**Task item**: Beginning at the line containing "Load image into", repeat each line below exactly up to and including the line containing "Mooie massief zilveren". Do not repeat the pictures.

**Information given**:

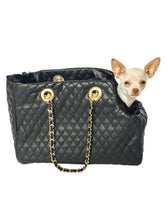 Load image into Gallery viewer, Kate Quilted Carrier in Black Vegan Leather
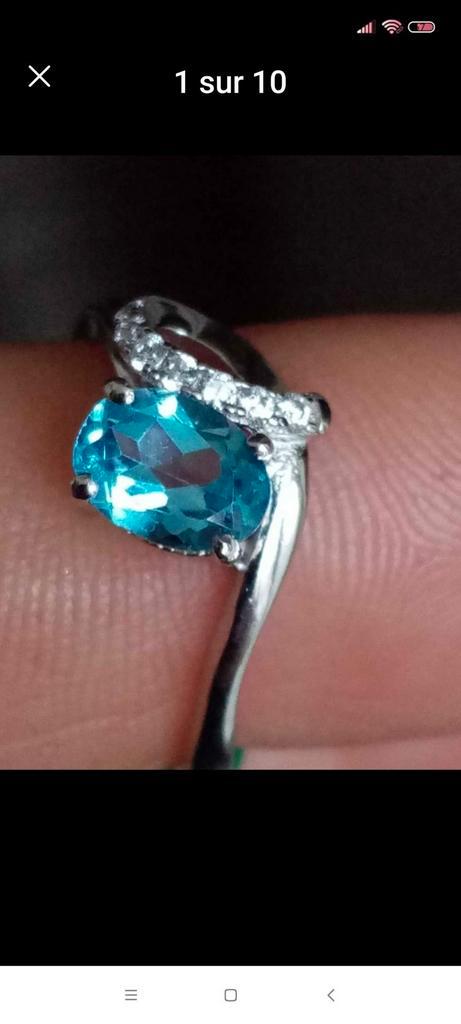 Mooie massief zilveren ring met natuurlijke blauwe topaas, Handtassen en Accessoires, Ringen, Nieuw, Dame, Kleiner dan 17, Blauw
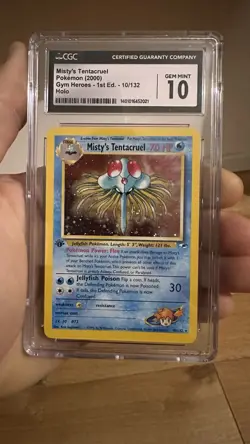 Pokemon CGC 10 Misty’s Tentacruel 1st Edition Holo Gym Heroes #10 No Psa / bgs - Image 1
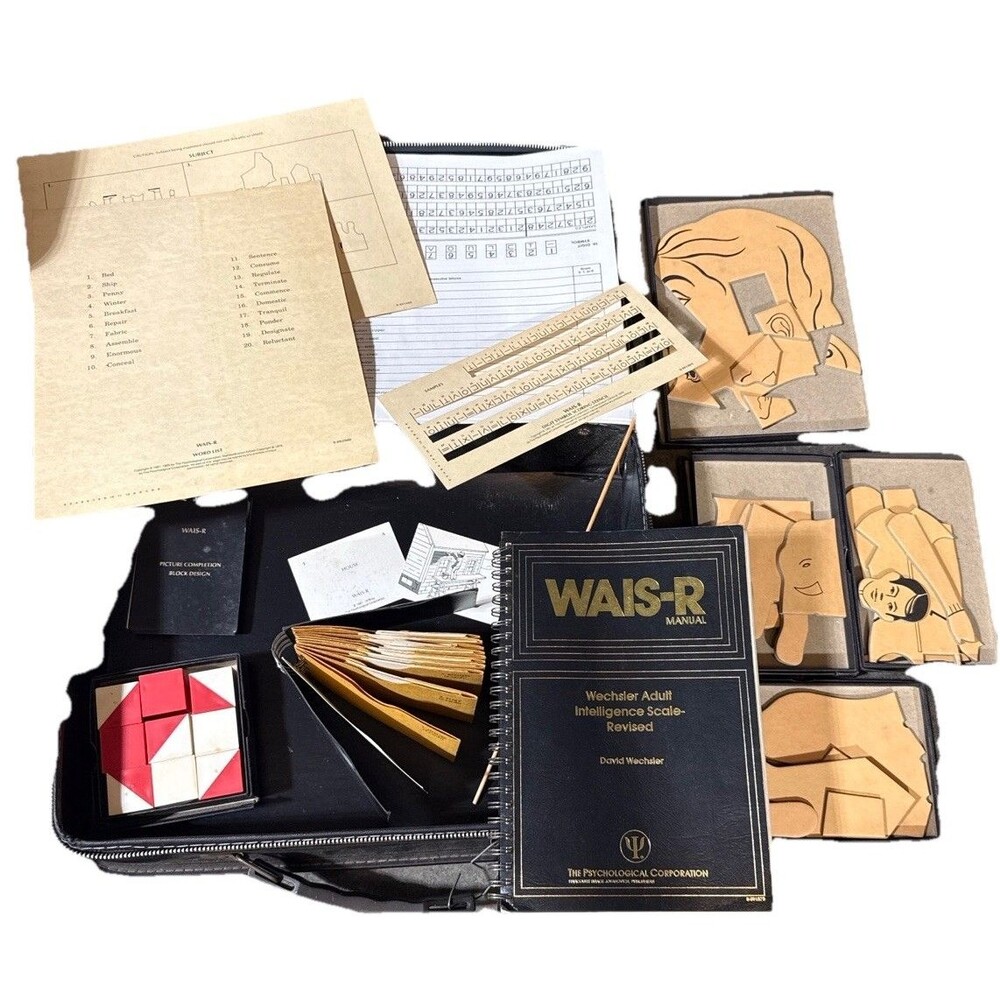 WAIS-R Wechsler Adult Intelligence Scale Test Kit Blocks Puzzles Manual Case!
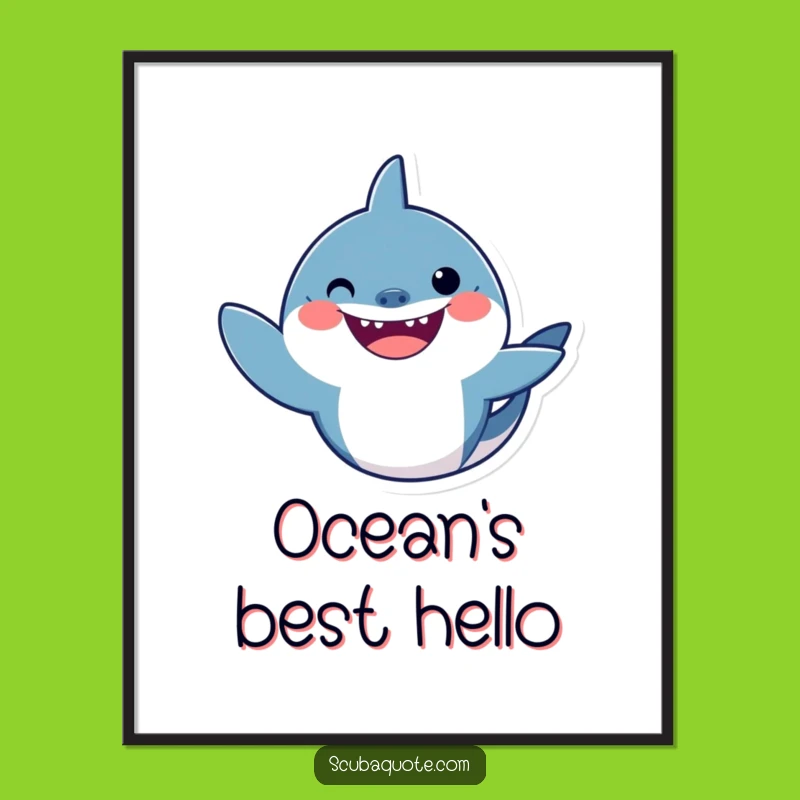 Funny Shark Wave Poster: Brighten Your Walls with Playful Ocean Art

* * *

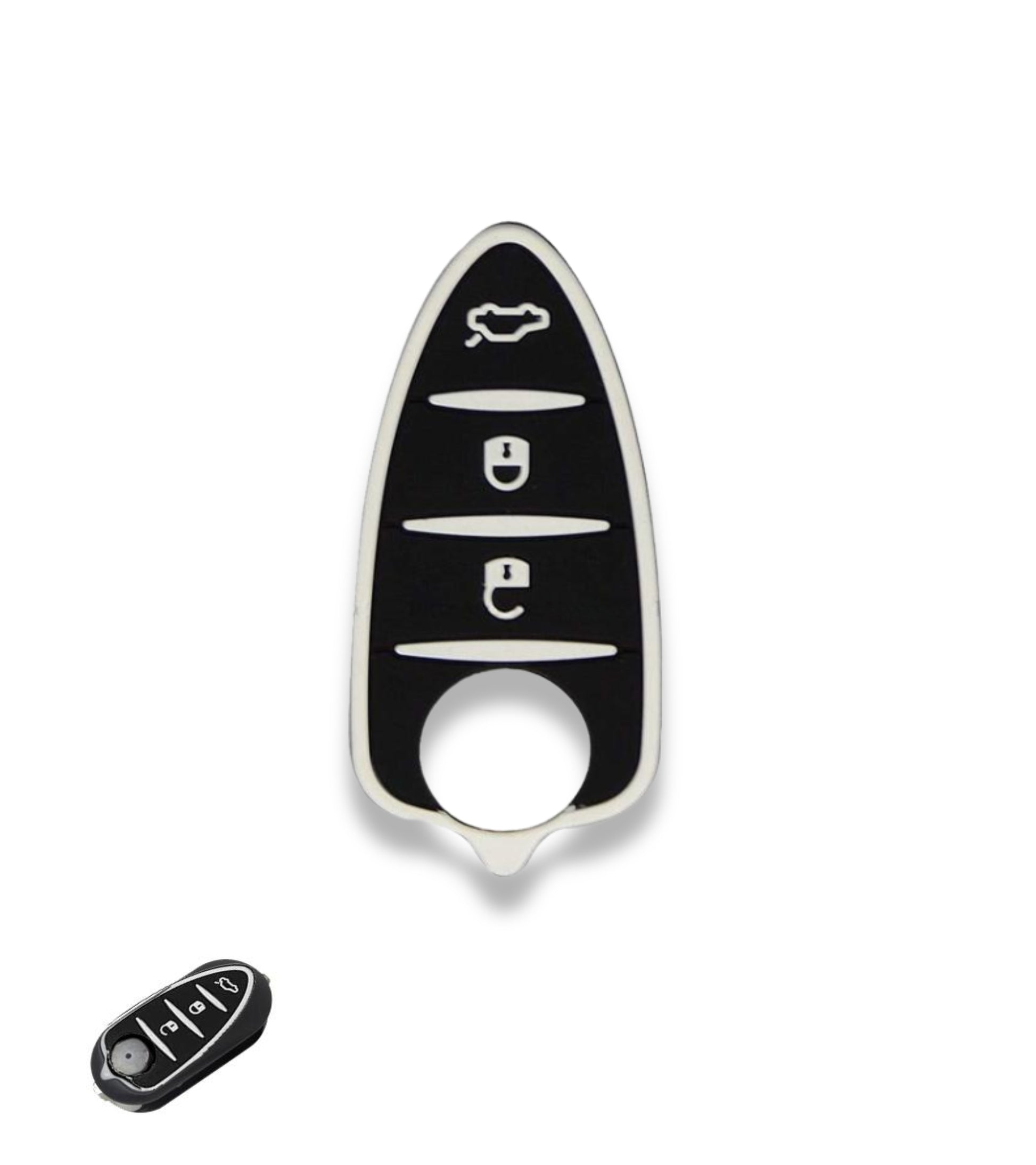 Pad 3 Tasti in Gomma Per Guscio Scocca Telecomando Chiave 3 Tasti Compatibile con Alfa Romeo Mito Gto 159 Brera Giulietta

**Response to this exercise**:
 Load image into Gallery viewer, Kate Quilted Carrier in Black Vegan Leather
 Mooie massief zilveren ring met natuurlijke blauwe topaas, Handtassen en Accessoires, Ringen, Nieuw, Dame, Kleiner dan 17, Blauw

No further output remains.